Nie będę tańczył na grobach Rosjan. Żołnierz umiera szybko, ale jego rodzina kona do końca życia. Wszystkie radości z pierwszych postawionych kroków, ze świeczek na urodzinowych tortach. Chrzciny, komunie, zaręczyny i wesela. Zagraniczne urlopy i wyjazdy za miasto. Ginie człowiek, ale nie pamięć po nim zostaje. Dlatego nie będę zacierał rąk nad płonącym rosyjskim czołgiem, nie komentuję zdjęć trupów z białą opaską na rękawie. Wprawdzie pacyfistą przestałem być trzy tygodnie temu, prawo do tego tańca zostawiam Ukraińcom. Nie mnie dyktować obrońcom Mariupola, co jest obecnie dopuszczalnym parkietem.
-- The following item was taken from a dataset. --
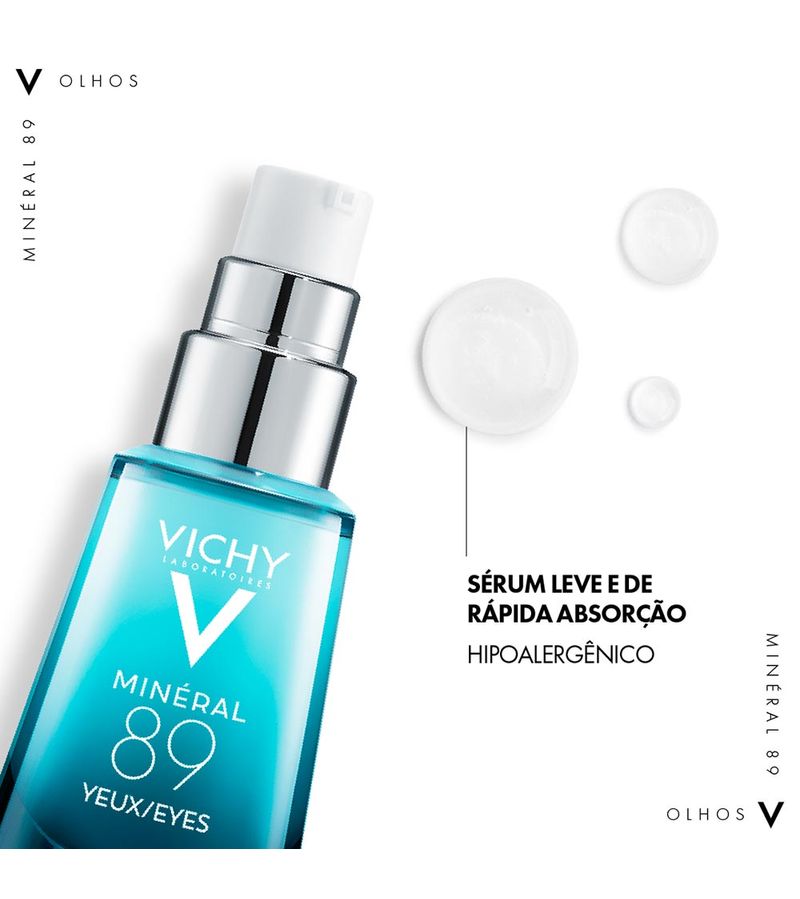 Vichy Minéral 89 Olhos Sérum Hidratante Anti-idade 15ml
Ponoć pierwszą ofiarą wojny jest prawda - lubimy takie efektowne powiedzenia. Rzucamy więc kamieniami szaniec i przywołujemy Westerplatte lub Termopile. Pomagają nam czuć się ludźmi, gdy wokół szerzy się bestialstwo. Bufor językowy chroni nas przed rzeczywistością. 

To naturalne, że człowiek chce trzymać mrok na wyciagnięcie ręki, a najłatwiej robić to słowem. Ale przychodzi moment, gdy przestajemy widzieć złożone błagalnie dłonie. Prosimy wtedy Boga, żeby nas oszczędził, ale Bóg nie decyduje o przebiegu wojny. Marsowe oblicze ma szaleniec na Kremlu i żołnierz pociągający za cyngiel.
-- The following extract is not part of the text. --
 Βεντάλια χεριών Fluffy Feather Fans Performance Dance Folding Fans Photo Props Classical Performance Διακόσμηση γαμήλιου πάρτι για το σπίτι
W takich chwilach jak bumerang wraca myśl dziękczynna - wiara w cuda nas nie ocali, ale dzięki Bogu za NATO. Nie będę pisał o artykule piątym sojuszu, bo pojawia się w komentarzach jak zawór bezpieczeństwa w silniku parowym. Skupię się ponownie na słowach: razem i osobno. Kolektywnie pomagamy uchodźcom i to przynosi skutek. Wspólnie tworzymy też militarny pakt defensywny, który dla Kremla jest czym więcej niż strach na wróble. Zachód posiada trzy razy więcej pocisków atomowych niż Rosja. Wiem doskonale, że ich odpalenie oznaczałoby koniec wszystkiego, ale to daje do myślenia generałom w Moskwie.

Drugim słowem jest - osobno - nie zapomniałem o nim! To zgubny kierunek, którego obranie w przypadku wojny jest niewybaczalne. Jedno osobno potrafi rozwalić wszystkie razem jak ukraińska rakieta czołg na obrzeżach Kijowa. Nic z niego nie zostaje oprócz deszczu złomu i zwęglonej, organicznej masy. Niebezpieczne jest zatem odrywanie się od peletonu. W czasie pokoju może się udać, ale nie podczas wojny. Dotyczy to polityków, którzy nie rozumieją istoty sojuszu. Na zdjęciu z Zełenskim wygląda się dobrze, można też mówić z przekonaniem o siłach pokojowych NATO. Ale bez uzgodnienia tego z Waszyngtonem jest się osobno.

Dlaczego wspominam stolicę Stanów Zjednoczonych? A czyje bazy są w Polsce? Czyje samoloty wraz z polskimi strzegą naszego nieba? Już zwykła kurtuazja sugerowałby zachowanie ostrożności w strategicznych projekcjach. Nie mówiąc o formalnych zobowiązaniach. Zanim ktoś oskarży mnie o krytykowanie niedawnej misji w Kijowie, nie mogę jej ocenić negatywnie. Szerszy punkt widzenia budzi wątpliwości, ale jej znaczenie dla Ukraińców było olbrzymie. Poczuli się z Europą razem. Mogli złożyć raport z oblężonego miasta twarzą w twarz, przy stole, w obecności czterech premierów (plus ten dodatkowy człowiek).

Dziś spadły rakiety na zakład naprawy samolotów we Lwowie. Rosjanie nie wiedzą, gdzie Ukraińcy bandażują postrzelone Migi, atakują więc na oślep. To, że blisko polskiej granicy, może napawać nas trwogą. Agresor uważa, że Ukraina jest jego do ostatniego metra przy prawym brzegu Bugu. Wprawdzie ataki w zachodniej części kraju zdarzały się dotychczas rzadko, to może się zmienić. 

Potwór na Kremlu jest nienażarty. Prędzej strawi ogniem wszystkie miasta i wioski, zanim przyzna się do błędu. Żal mi Ukraińców, jestem sercem z nimi. Gdybym wierzył w Boga, modliłbym się także za odważnych Rosjan, którzy mogliby ulżyć potworowi.